Canadian Regulators Adopt 105-Day Minimum Bid Period and Enhance Early Warning Rules

Torys Business Law Guide

The Canadian Securities Administrators (CSA) have announced that they are adopting amendments to the country’s takeover bid regime that will extend the current 35-day minimum bid period for takeover bids to 105 days, rather than the previously proposed 120-day period for tendering to a takeover bid in Canada.

Along with this change, the CSA are also adopting new early warning rules that will require, among other things, disclosure of decreases in ownership of public company securities of 2% or more and when ownership levels fall below the 10% reporting threshold.   

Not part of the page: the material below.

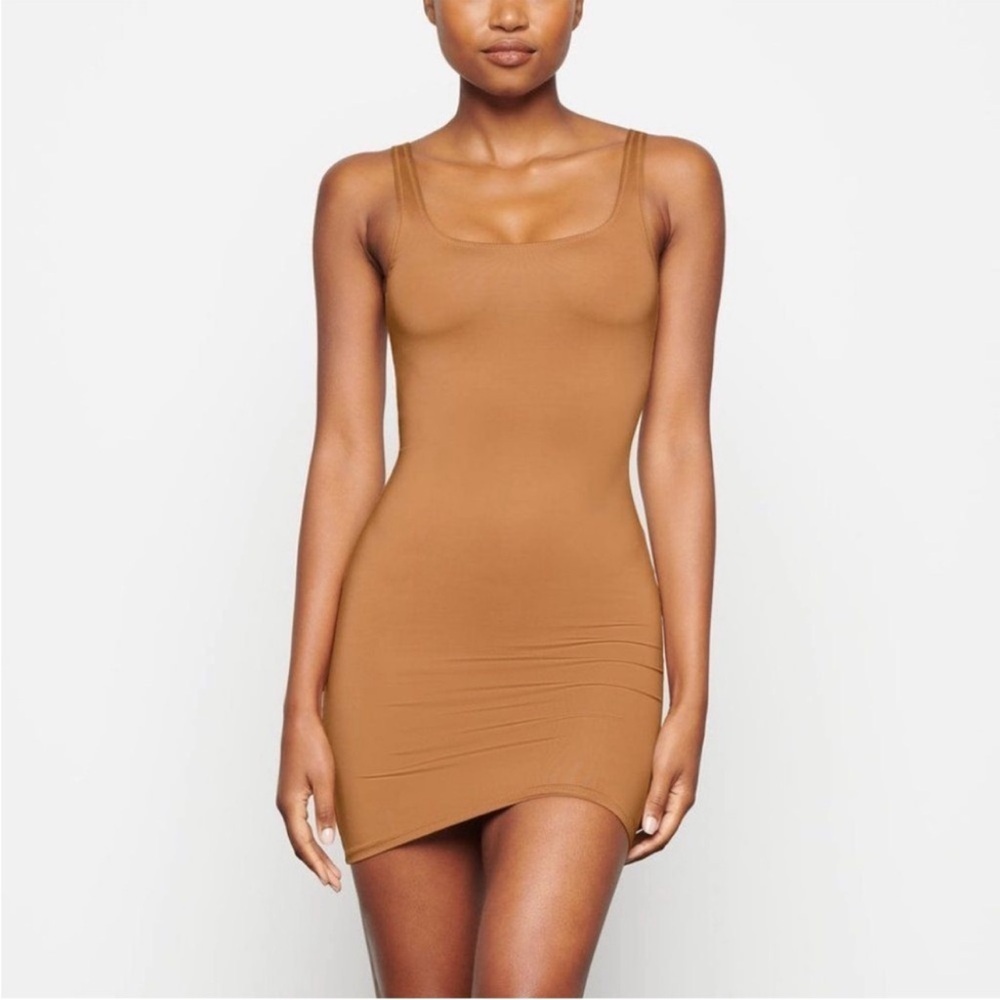 Skims swim dress almond NWT SUMMER BEACH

The regulators’ switch from a 120-day to 105-day minimum bid period was driven by the need to ensure that the new takeover bid period does not conflict with compulsory acquisition provisions in Canadian corporate statutes―these statutes generally allow a bidder to squeeze out minority shareholders if at least 90% of the target’s shares have been tendered within 120 days of the date of the bid. Aside from the new 105-day period, the CSA’s draft rules on Canada’s proposed new takeover bid regime, released in March 2015, remain largely unchanged.1 CSA National Policy 62-202 governing defensive tactics is also unaffected.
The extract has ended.